ENTRIES SHOWN:
= Beginning of Section =

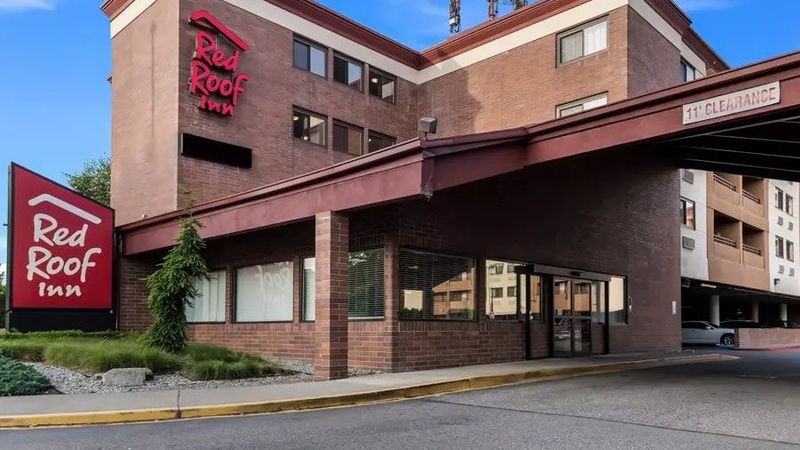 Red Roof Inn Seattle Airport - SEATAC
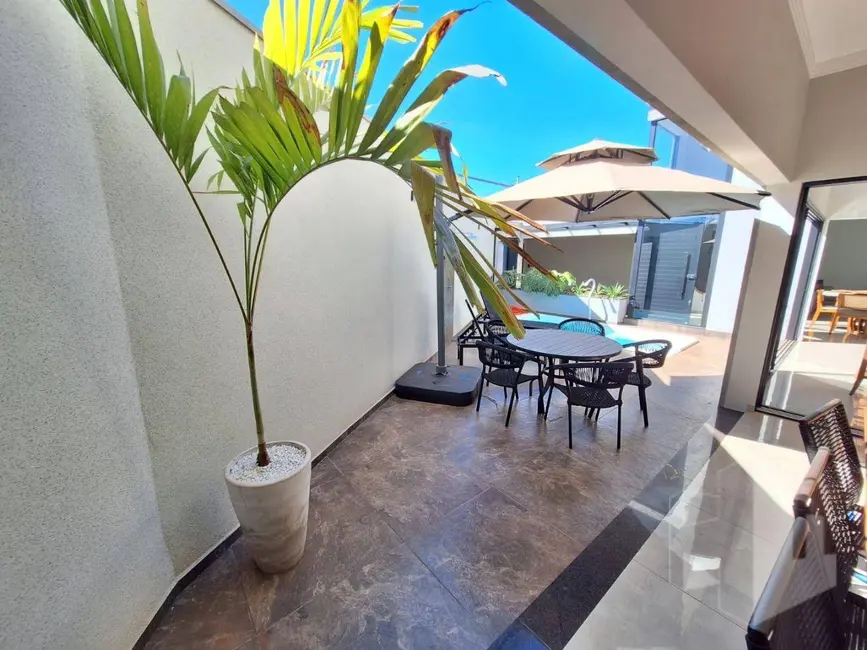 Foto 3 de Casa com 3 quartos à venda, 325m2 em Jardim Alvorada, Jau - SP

= End of Section =
= Beginning of Section =

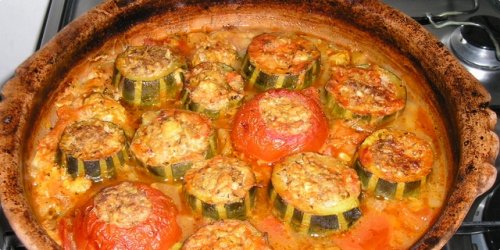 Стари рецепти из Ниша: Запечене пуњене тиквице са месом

= End of Section =

ASSIGNMENT:
What is needed is an exact copy of the lines above from the one with "Red Roof Inn Seattle Airport - SEATAC" to the one with "Foto 3 de Casa", both ends kept, and nothing more; please leave the pictures out.

WRITTEN REPLY:
 Red Roof Inn Seattle Airport - SEATAC
 Foto 3 de Casa com 3 quartos à venda, 325m2 em Jardim Alvorada, Jau - SP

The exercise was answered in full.